Washington Metro station in Virginia, US

Virginia Square–GMU station is a Washington Metro station in the Virginia Square neighborhood of Arlington County, Virginia, United States. The side platformed station opened on December 1, 1979, and is operated by the Washington Metropolitan Area Transit Authority (WMATA). The station serves the Orange and Silver Lines. The station serves the Virginia Square neighborhood as well as the Arlington campus of George Mason University (GMU).

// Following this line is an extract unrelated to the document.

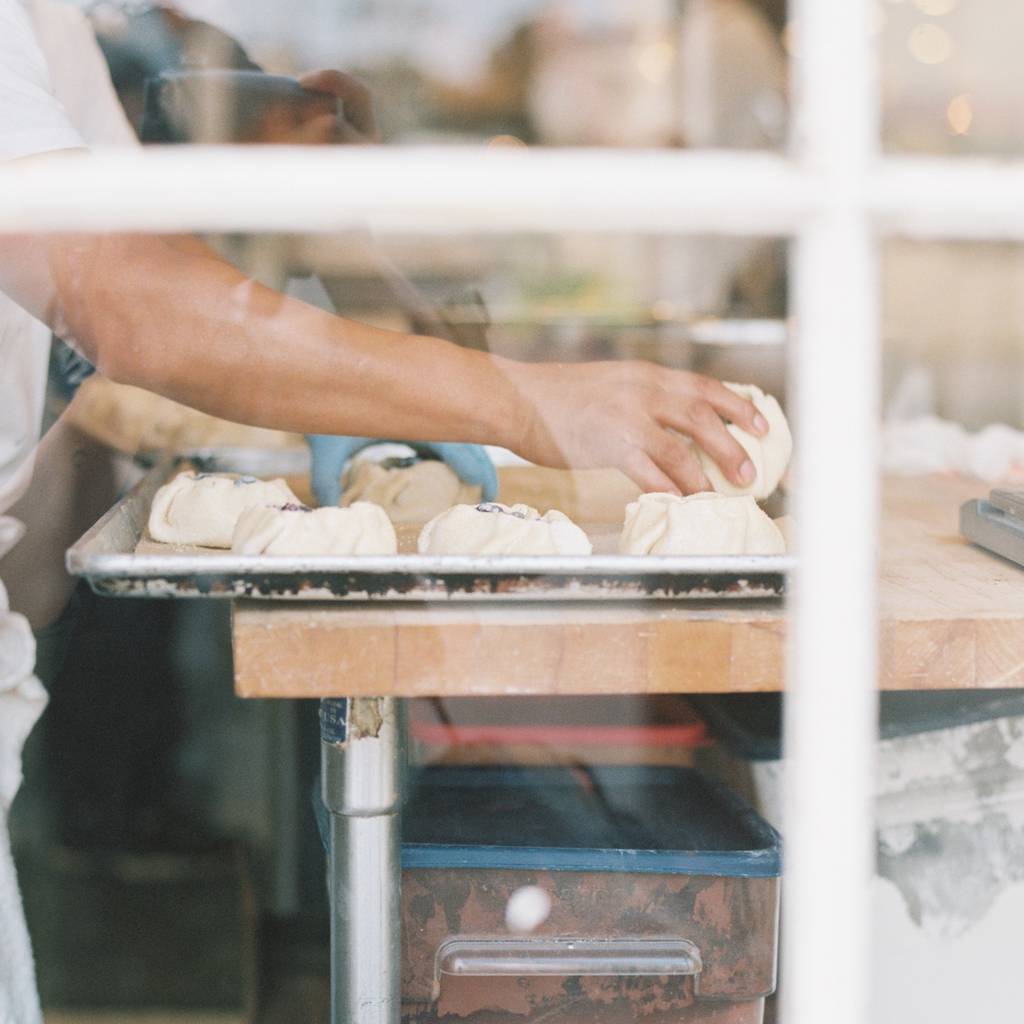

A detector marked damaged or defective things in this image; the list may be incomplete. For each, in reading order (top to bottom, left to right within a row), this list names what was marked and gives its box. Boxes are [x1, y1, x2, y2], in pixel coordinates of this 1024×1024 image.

rusty metal container [397, 765, 774, 1019]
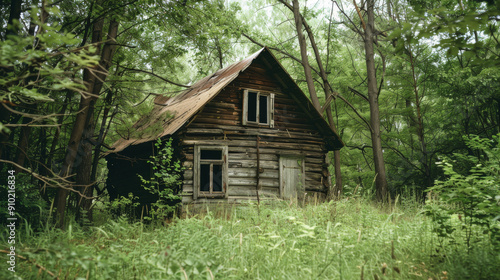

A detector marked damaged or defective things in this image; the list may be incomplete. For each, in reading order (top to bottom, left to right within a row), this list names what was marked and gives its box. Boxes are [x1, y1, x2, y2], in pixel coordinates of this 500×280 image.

rusty metal roof [110, 47, 344, 153]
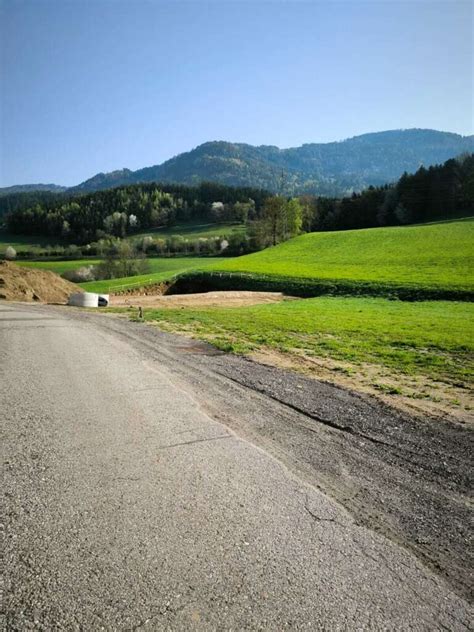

The station entrance is located at the intersection of Fairfax Drive and North Monroe Street.

==History==
Originally to be called Ballston, the station was renamed Virginia Square by the Metro board in March 1977. Its name was changed due to its location at the since-demolished Virginia Square Shopping Center. (The name "Ballston" was instead used for the next station to the west.) After several years of construction, Virginia Square station opened on December 1, 1979. Its opening coincided with the completion of approximately 3 mi of rail west of the Rosslyn station and the opening of the , and stations. In July 1985, the Metro board voted unanimously to rename the station Virginia Square–GMU to denote the adjacent Arlington campus of George Mason University. Arlington County paid the $50,000 required for the change.

The station was closed from March 26, 2020, until June 28, 2020, due to the 2020 coronavirus pandemic.